The reverse direction is the idea that core algorithmic questions and models are motivated by applications, whether they be models of computation like external memory/streaming/multicore/mapreduce, or conceptual developments like smoothed analysis, complexity classes for iterative algorithms, numerical algorithms and precise computations, and so on.

In this context, interesting points for discussion would be: what kinds of paradigms do we see approaching from "applied land" and how might they influence the kinds of core algorithmic questions we ponder.
If you're at the workshop, you can make your opinions known. But even if you're not, you can voice them right here ! I'll incorporate comments posted here into the discussions (and sign your name if you'd like credit).

## Sunday, May 01, 2011

### SDM 2011: Other thoughts

My student Parasaran Raman did a two part review of SDM 2011 (here, and here), and I thought I'd add my own reflections.

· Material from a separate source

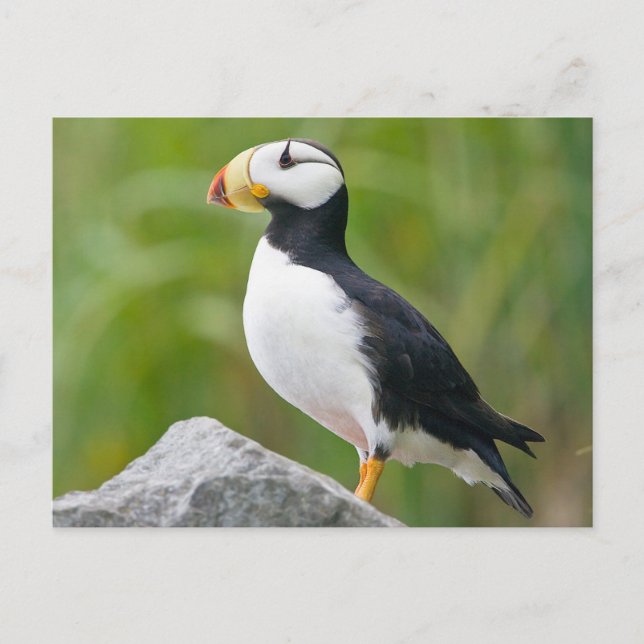 Horned puffin (Fratercula corniculata) Postcard (Front)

There was an excellent talk on the second day by Haesun Park from Georgia Tech on non-negative matrix factorization methods (NMF). This problem has become all the rage in ML circles, and is defined as follows.
Given a matrix $A$ and parameter $k$, find rank $k$ matrices $U$ and $V$ such that $\|A - UV\|$ is minimized, and $U$ and $V$ contain only nonnegative entries.
The main difference between this problem and the SVD is the non-negativity requirement, and not surprisingly, it changes the complexity quite a bit - you can no longer get an optimal solution, for example.

There appears to be relatively little theory-algorithms work on this problem (there's some mathematical work, including the famous Perron-Frobenius theorem), and her talk presented a good overview of the various heuristic strategies people have used to try and solve the problem.

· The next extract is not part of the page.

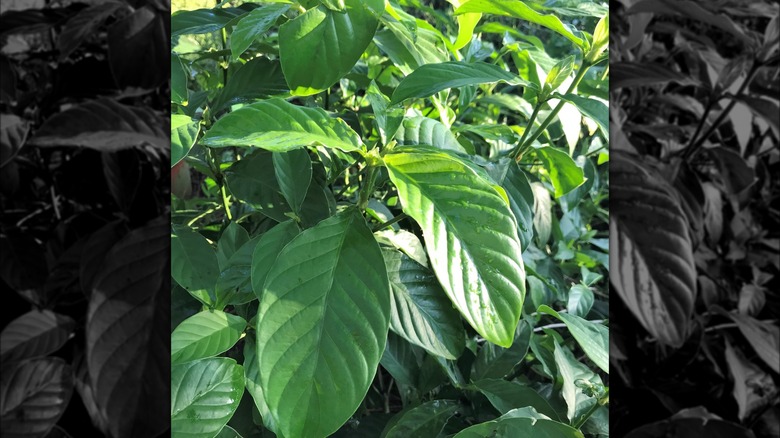 Psychotria Viridis plants in wild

One of the reasons this formulation is interesting is because for many problems, you'd like an "explanation" of the data that doesn't have negative coefficients (which is the bane of PCA-like methods). She also says that for reasons unknown, the matrices produced by this formulation tend to be quite useful "in practice" at factoring out the different interactions present in data. In fact one of her big open questions is whether there's a more rigorous way of explaining this.

The talk was very enjoyable, and I sat there thinking that it would be perfect as an ALENEX (or even SODA) invited talk.

There was also a panel discussion on the future of data mining. The panelists comprised two industry folks, two academics, and one researcher from a national lab, with questions being thrown at them by Chandrika Kamath from LLNL. My twitter stream gave a blow-by-blow, so I won't rehash it here. I was intrigued (and a little disappointed) when I realized that almost all the answers centered around the needs of business.

In one respect this is not surprising: the primary reason why data mining is so hot right now is because of the vast opportunities for data mining to sell ads, products, or even just model consumer behavior. But it makes the field a little more shallow as a consequence: inevitably, industry needs solutions, not deep problems, and a relentless focus on solutions doesn't help facilitate deeper analysis of the problems. Maybe that's the nature of data mining, and I'm expecting too much to ask it to be more profound. But I wouldn't mind a more ML-like sense of rigor in the formulation of computational questions.

Overall, I quite enjoyed the conference. I've  been to KDD, and have been on PCs for both KDD and ICDM (the third major data mining conference). To me, SDM has the feel of a SODA/SoCG like conference - a smaller, more academic crowd, more mathematics/statistics in the talks, and less of a big industrial presence. I can definitely see myself publishing there and going back again.